[Crawled caption data]
+ + + + + + +
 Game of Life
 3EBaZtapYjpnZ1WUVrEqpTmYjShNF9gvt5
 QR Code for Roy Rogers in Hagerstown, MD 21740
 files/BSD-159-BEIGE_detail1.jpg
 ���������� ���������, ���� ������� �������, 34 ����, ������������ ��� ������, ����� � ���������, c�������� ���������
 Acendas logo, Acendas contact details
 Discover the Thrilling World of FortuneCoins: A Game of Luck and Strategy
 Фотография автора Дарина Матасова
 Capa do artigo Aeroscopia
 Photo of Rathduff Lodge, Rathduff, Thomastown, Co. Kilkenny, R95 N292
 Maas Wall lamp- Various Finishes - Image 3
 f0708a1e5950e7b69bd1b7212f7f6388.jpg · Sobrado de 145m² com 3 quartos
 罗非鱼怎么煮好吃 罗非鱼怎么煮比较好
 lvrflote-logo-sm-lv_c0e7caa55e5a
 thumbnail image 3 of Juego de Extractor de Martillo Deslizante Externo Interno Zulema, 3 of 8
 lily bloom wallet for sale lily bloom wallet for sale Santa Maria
+ + + + + + +
PROBLEM REQUIREMENTS:
Repeat each of the entries exactly as written.

ANSWER SPACE:
 Game of Life
 3EBaZtapYjpnZ1WUVrEqpTmYjShNF9gvt5
 QR Code for Roy Rogers in Hagerstown, MD 21740
 files/BSD-159-BEIGE_detail1.jpg
 ���������� ���������, ���� ������� �������, 34 ����, ������������ ��� ������, ����� � ���������, c�������� ���������
 Acendas logo, Acendas contact details
 Discover the Thrilling World of FortuneCoins: A Game of Luck and Strategy
 Фотография автора Дарина Матасова
 Capa do artigo Aeroscopia
 Photo of Rathduff Lodge, Rathduff, Thomastown, Co. Kilkenny, R95 N292
 Maas Wall lamp- Various Finishes - Image 3
 f0708a1e5950e7b69bd1b7212f7f6388.jpg · Sobrado de 145m² com 3 quartos
 罗非鱼怎么煮好吃 罗非鱼怎么煮比较好
 lvrflote-logo-sm-lv_c0e7caa55e5a
 thumbnail image 3 of Juego de Extractor de Martillo Deslizante Externo Interno Zulema, 3 of 8
 lily bloom wallet for sale lily bloom wallet for sale Santa Maria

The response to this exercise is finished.